Indian rupee fell past the psychologically crucial mark of 85 a dollar at open after the dollar index touched the highest level in over two years. The index rose and pressured emerging–market currencies as the US Federal Reserve guided for fewer rate cuts.
Rupee started the day 8 paise weaker against the US dollar at 85.04. However, high demand for the greenback took the Indian unit to a record low of 85.07 against the US dollar shortly after open, according traders in the forex markets.
The Indian unit was trading 85.06 a dollar as of 09:49 a.m. The rupee settled at 84.996 a dollar on Wednesday.
"Forex market is fully reacting to hawkish Fed, which has said it will have two rate cuts in the coming financial year. The dollar has gained strength against major currencies. It's trading above 108 level. It's just the reaction to that," a dealer from a big state–owned bank said.

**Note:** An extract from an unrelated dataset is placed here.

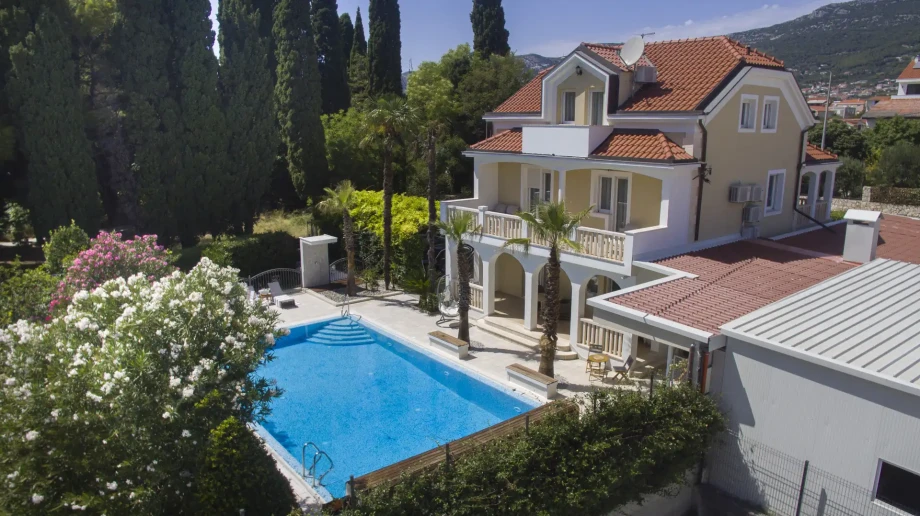 Luxurious villa with a swimming pool and expansive garden, perfect for a relaxing getaway in Croatia's stunning landscapes.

The Fed official reduced their rate cut projection for 2025 to 50 basis points compared to 100 basis points earlier. The central bank also raised inflation projection to 2.5% compared 2.1% earlier.
Following the hawkish tone of the US rate-setting panel, the dollar index jumped 1.23% to 108.27, touching the highest level since Nov. 11, 2022. The index was trading 0.06% higher at 108.10 as of 09:49 a.m.
Some traders said the Reserve Bank of India likely have sold the US unit to protect the Indian unit from a runaway depreciation.
Markets are going to be volatile on Thursday. Stability is expected after half way through the day, the dealer from a state-owned bank said. The Indian unit is expected to trade between 85.00 and 85.20 a dollar.